Average ZooKeeper Request Processing Latency

Indicator: Average ZooKeeper Service Request Processing Latency

Description: This indicator is used to check the average delay for the ZooKeeper service to process requests. If the average delay is greater than 300 ms, the ZooKeeper service is unhealthy.

Recovery Guide: If the indicator is abnormal, check whether the network speed of the cluster is normal and whether the memory or CPU usage is too high.

ZooKeeper Connections Usage

Indicator: ZooKeeper Connections Usage

Description: This indicator is used to check whether the ZooKeeper memory usage exceeds 80%. If the disk usage exceeds the threshold, the system is unhealthy.

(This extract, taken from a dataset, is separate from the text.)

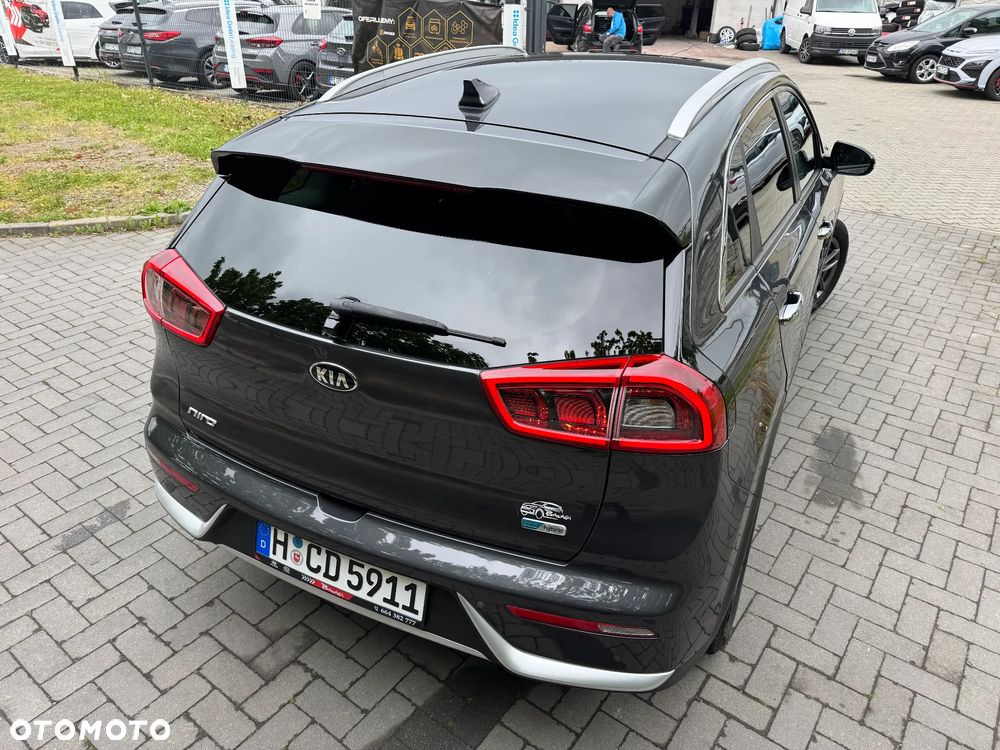 Kia Niro 1.6 GDI HEV 2WD OPF Spirit - 13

Recovery Guide: If the indicator is abnormal, you are advised to increase the memory available for the ZooKeeper service. The method of increasing the memory is as follows: Increase the value of -Xmx in the GC_OPTS configuration item in the ZooKeeper service. After the modification, restart the ZooKeeper service for the configuration to take effect.

Service Health Status

Indicator: Service Status

Description: This indicator is used to check whether ZooKeeper service status is normal. If the status is abnormal, the service is unhealthy.

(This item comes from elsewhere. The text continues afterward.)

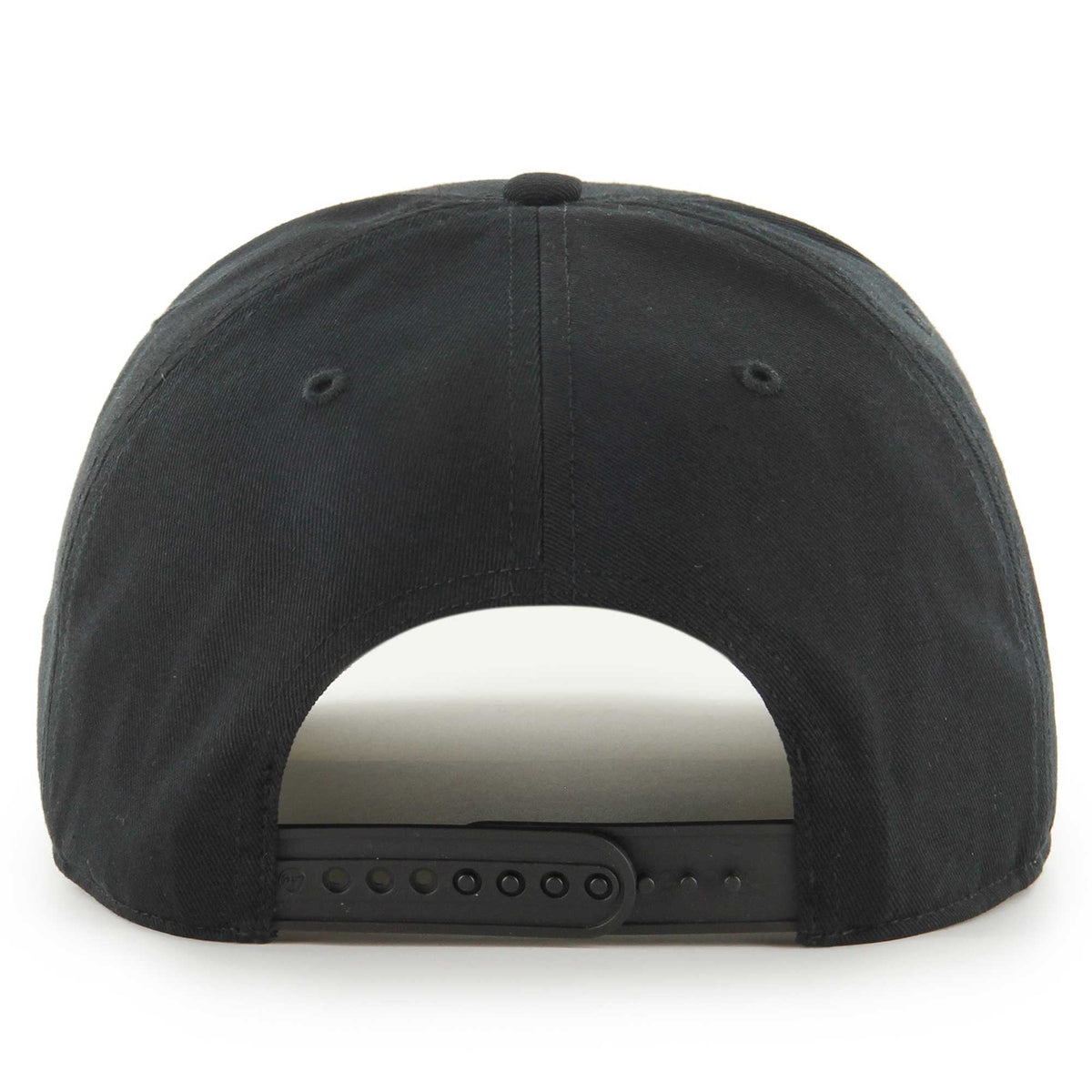 Men's San Antonio Spurs '47 Black Roscoe Hitch Adjustable Hat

Recovery Guide: If the indicator is abnormal, check whether the health status of the KrbServer and LdapServer services is faulty. If yes, rectify the fault. Log in to the ZooKeeper client, check whether the ZooKeeper data writing fails. If yes, find the failure cause based on the error message and handle the fault according to error message. Rectify the fault by following the procedure for handling ALM-13000.

Alarm Check

Indicator: Alarm Information

Description: This indicator is used to check whether alarms exist. If alarms exist, the service is unhealthy.

Recovery Guide: If this indicator is abnormal, you can rectify the fault by referring to the alarm handling guide.